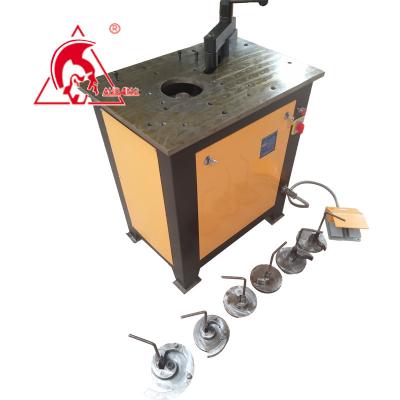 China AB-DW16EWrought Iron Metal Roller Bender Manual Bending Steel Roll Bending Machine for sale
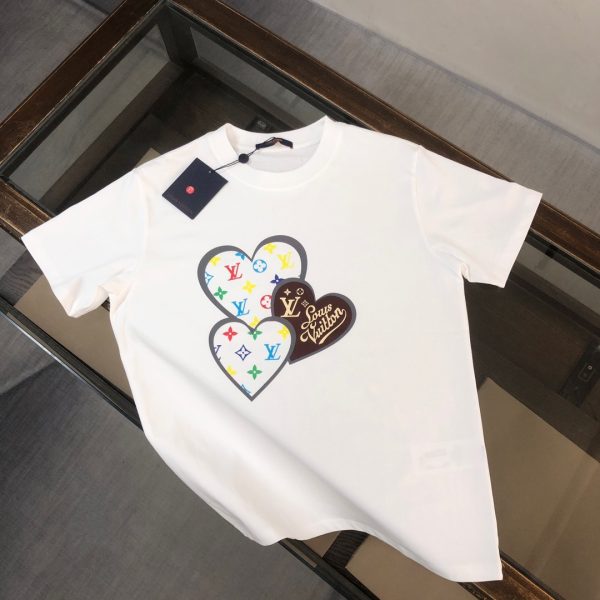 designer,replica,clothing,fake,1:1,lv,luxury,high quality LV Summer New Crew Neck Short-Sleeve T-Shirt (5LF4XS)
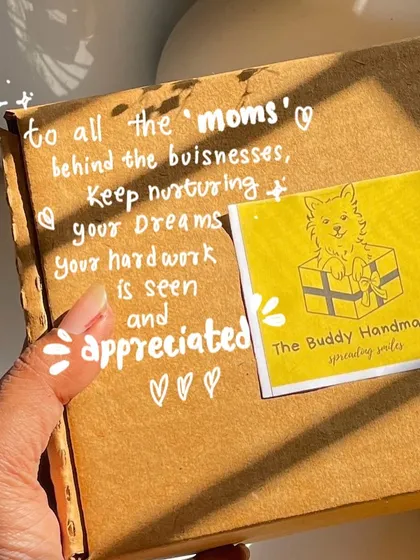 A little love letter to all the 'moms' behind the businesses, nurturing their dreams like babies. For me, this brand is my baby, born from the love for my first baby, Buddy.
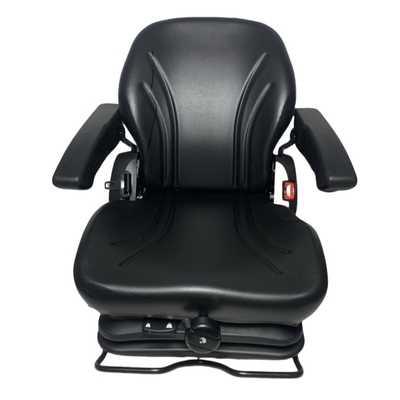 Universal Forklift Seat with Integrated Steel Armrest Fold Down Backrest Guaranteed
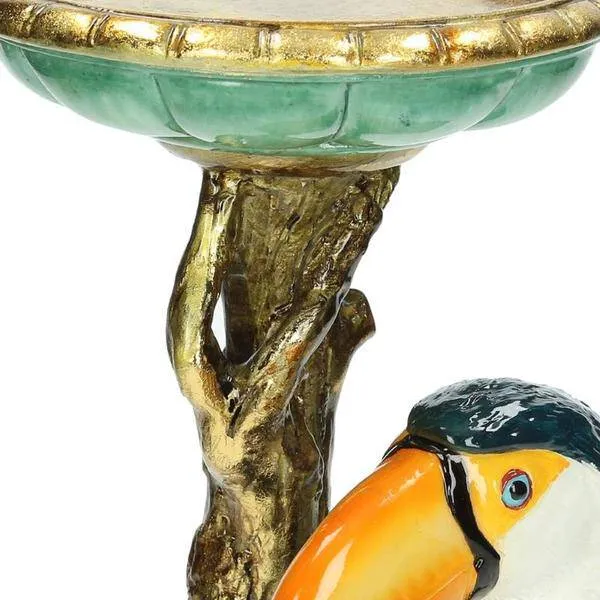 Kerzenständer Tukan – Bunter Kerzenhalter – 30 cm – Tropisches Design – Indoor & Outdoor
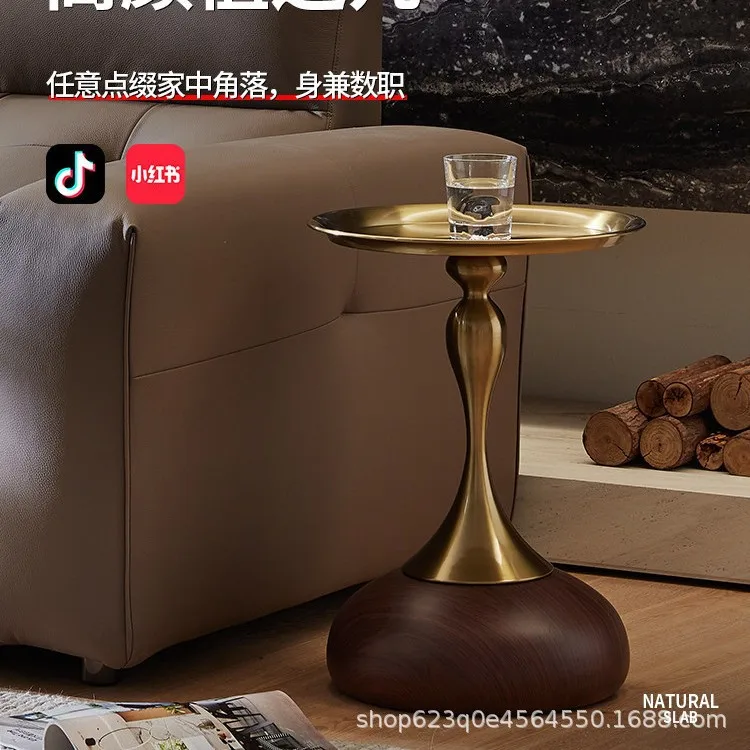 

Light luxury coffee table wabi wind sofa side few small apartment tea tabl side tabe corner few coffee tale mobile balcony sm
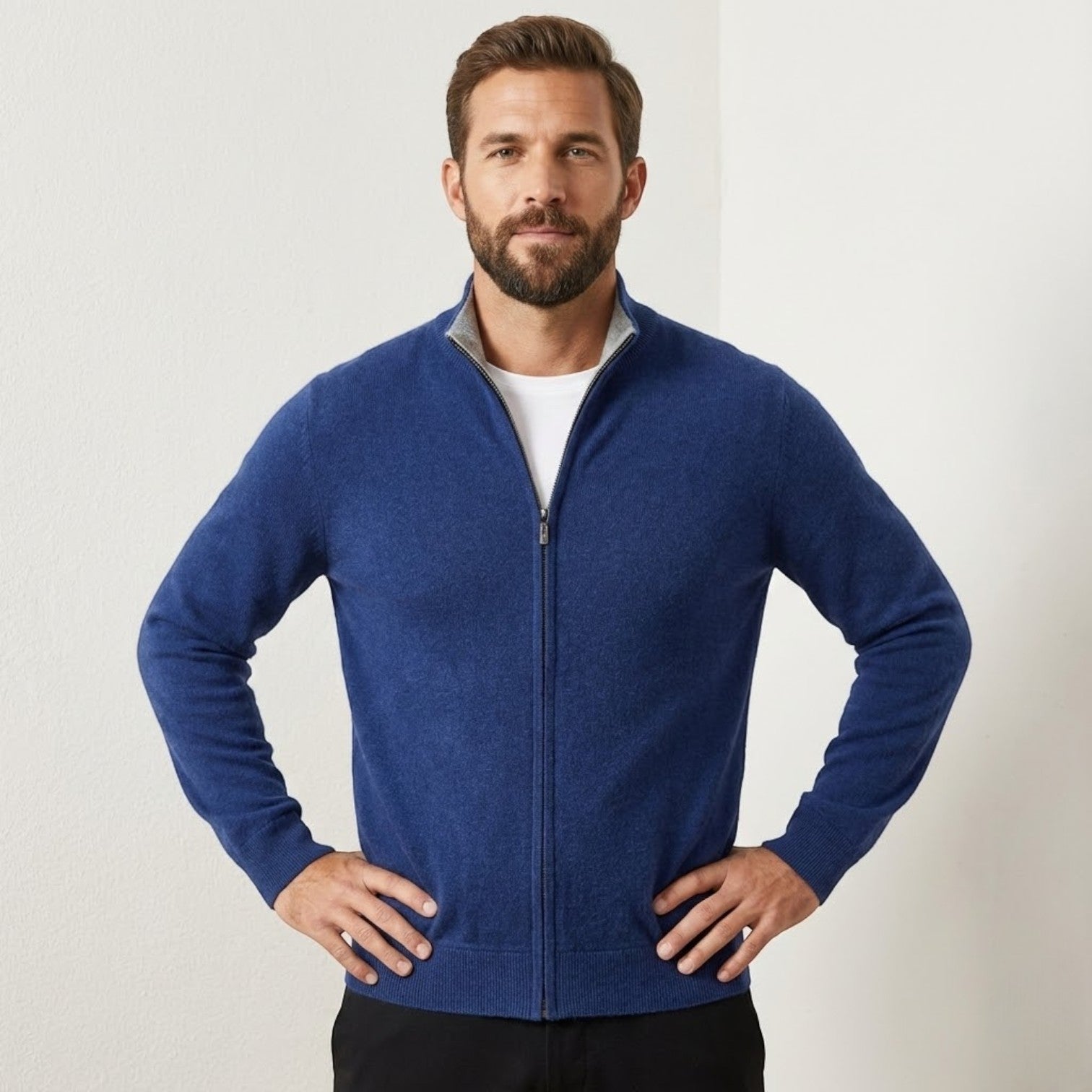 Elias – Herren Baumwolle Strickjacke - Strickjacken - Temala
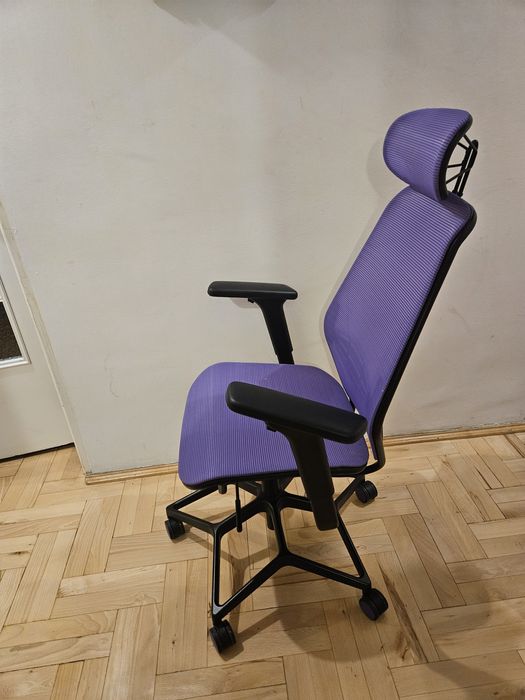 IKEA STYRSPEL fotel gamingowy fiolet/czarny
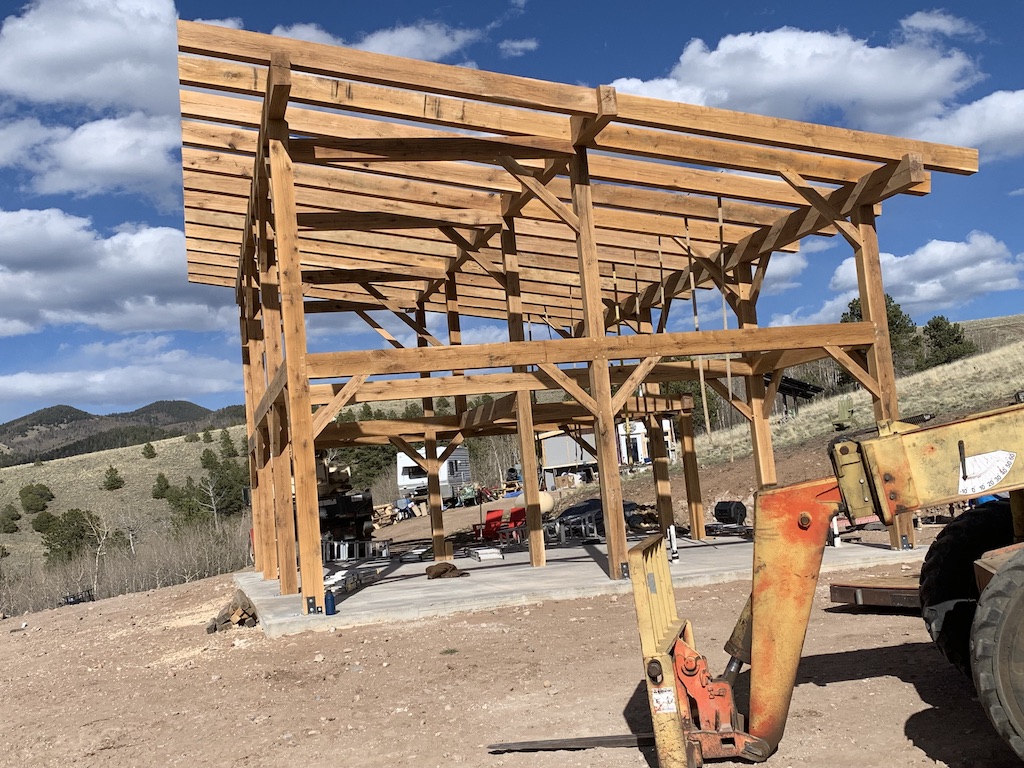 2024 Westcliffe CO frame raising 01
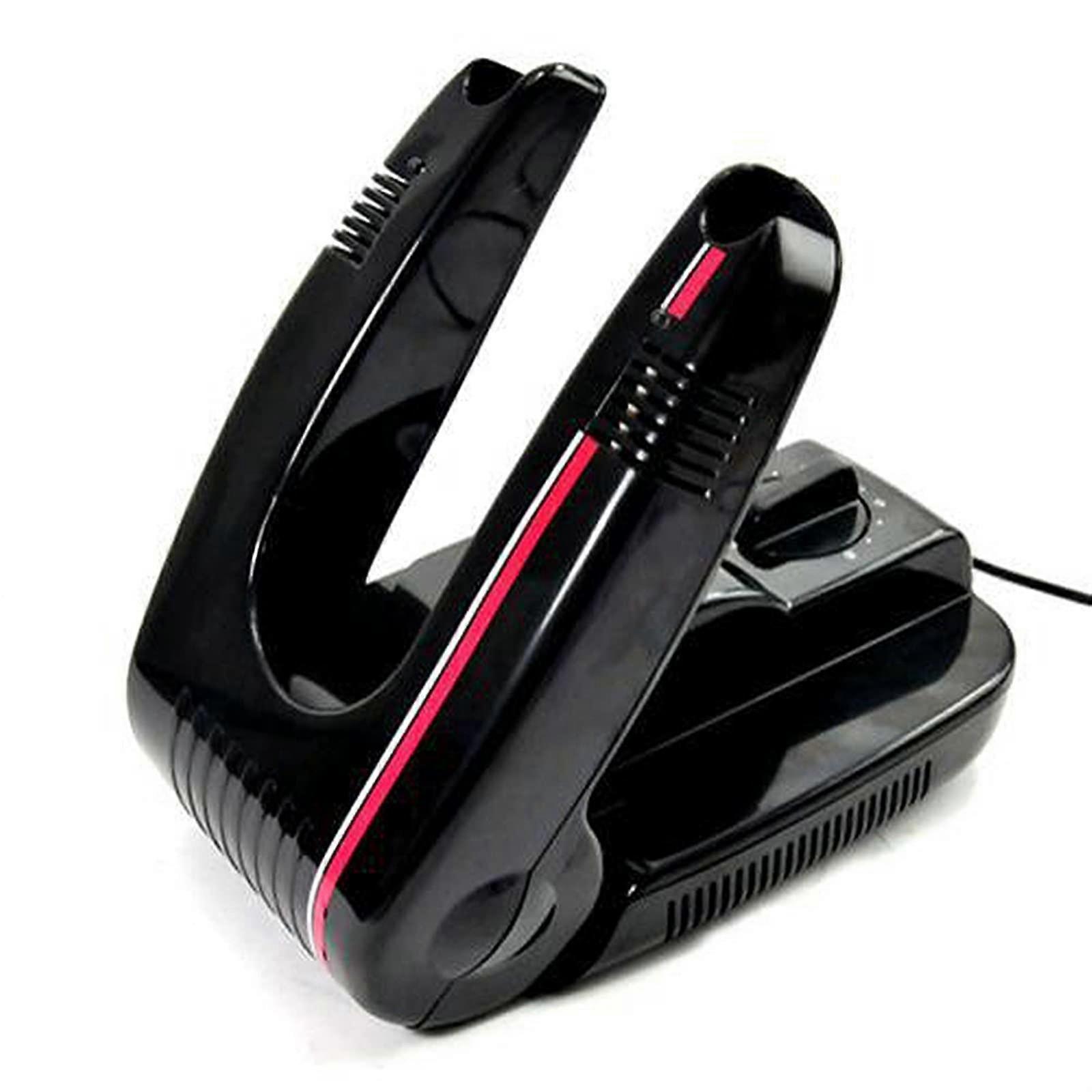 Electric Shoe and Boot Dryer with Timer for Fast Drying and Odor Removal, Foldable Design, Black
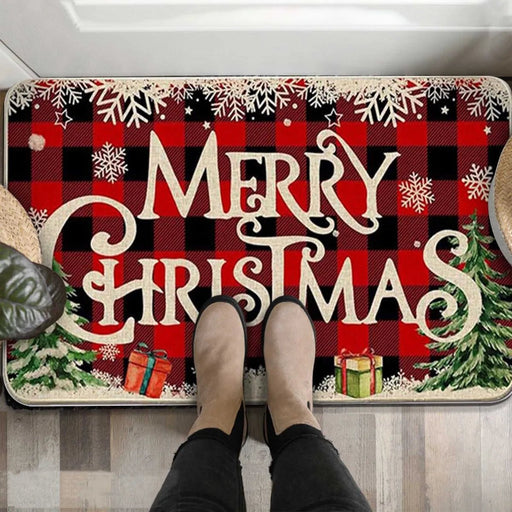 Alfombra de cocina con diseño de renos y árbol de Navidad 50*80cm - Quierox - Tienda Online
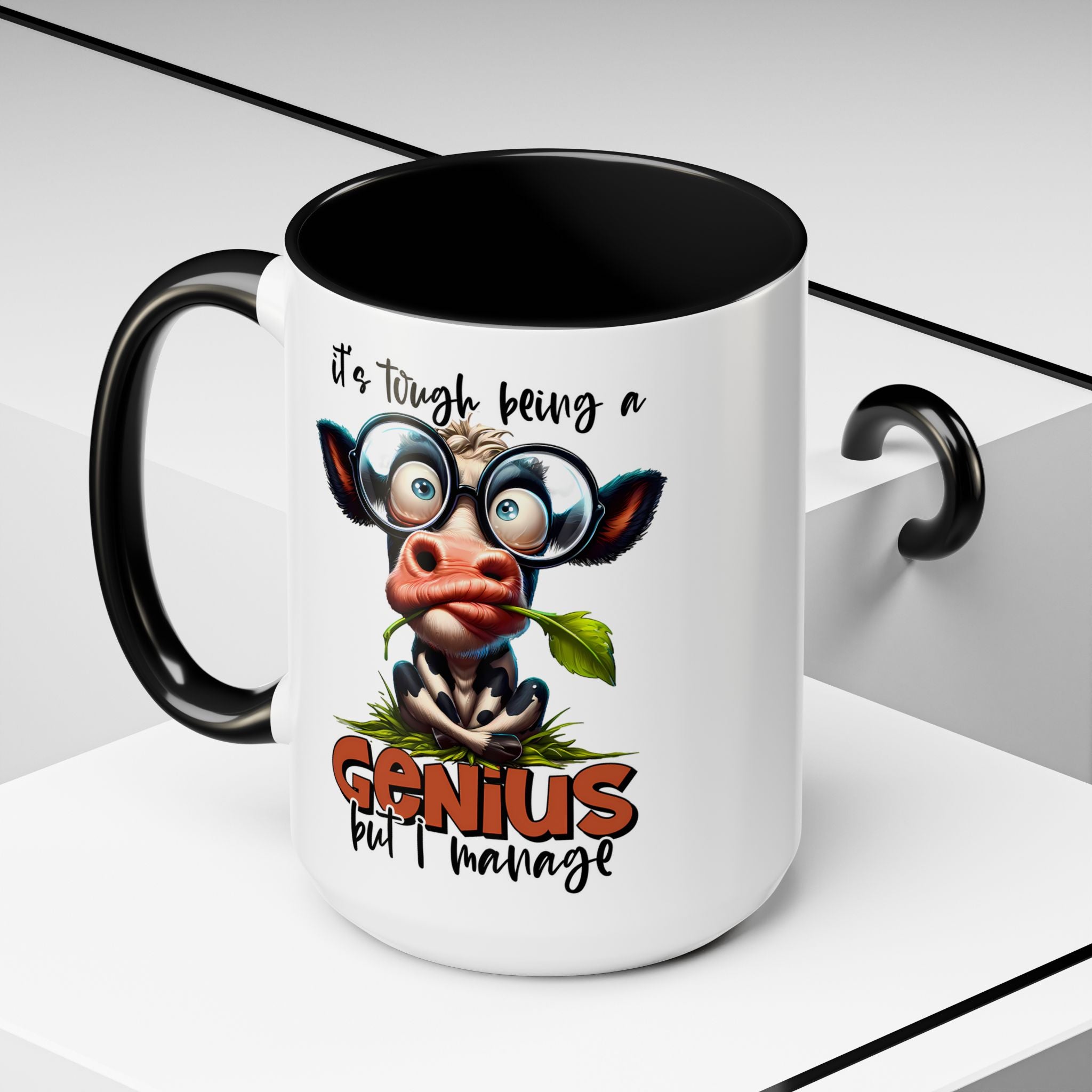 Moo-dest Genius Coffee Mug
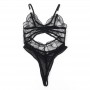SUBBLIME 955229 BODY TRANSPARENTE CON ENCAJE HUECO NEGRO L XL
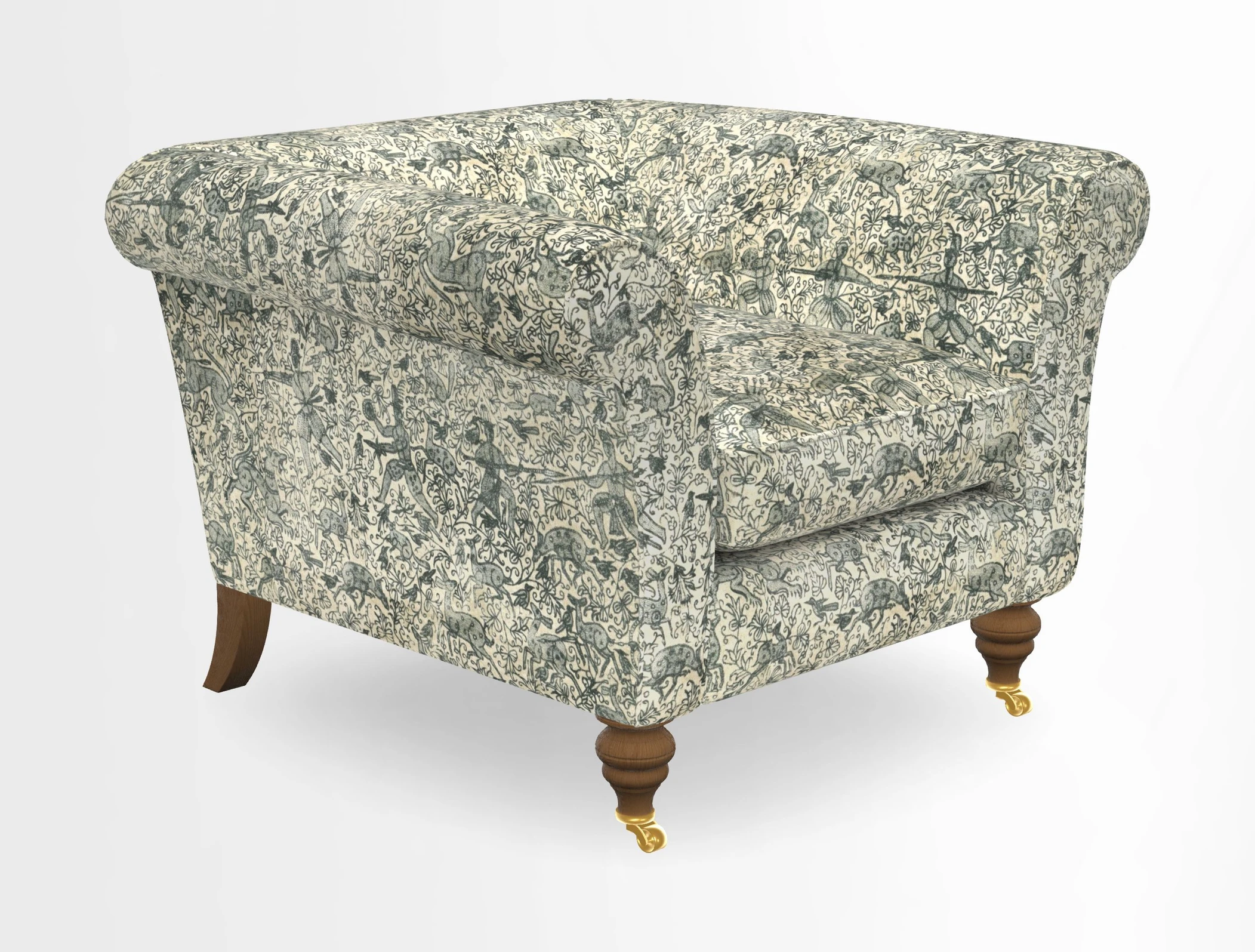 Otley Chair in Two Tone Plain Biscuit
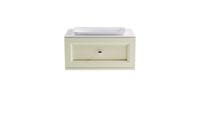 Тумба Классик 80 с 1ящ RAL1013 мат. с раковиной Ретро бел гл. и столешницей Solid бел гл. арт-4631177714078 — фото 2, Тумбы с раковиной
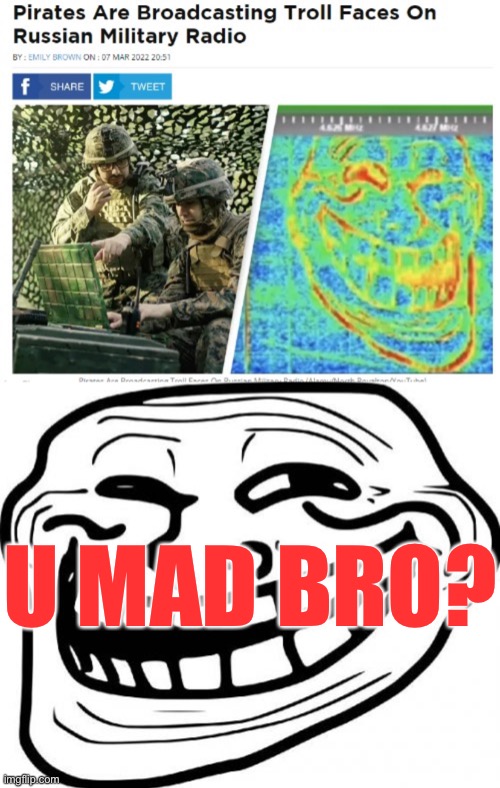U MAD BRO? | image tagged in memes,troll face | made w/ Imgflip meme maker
***
- What the exercise asks -
Starting at the line containing "Universal Forklift Seat" and stopping at the line containing "Kerzenständer Tukan –", output each line exactly as it appears above. Leave out the pictures.

- Solution to the problem -
 Universal Forklift Seat with Integrated Steel Armrest Fold Down Backrest Guaranteed
 Kerzenständer Tukan – Bunter Kerzenhalter – 30 cm – Tropisches Design – Indoor & Outdoor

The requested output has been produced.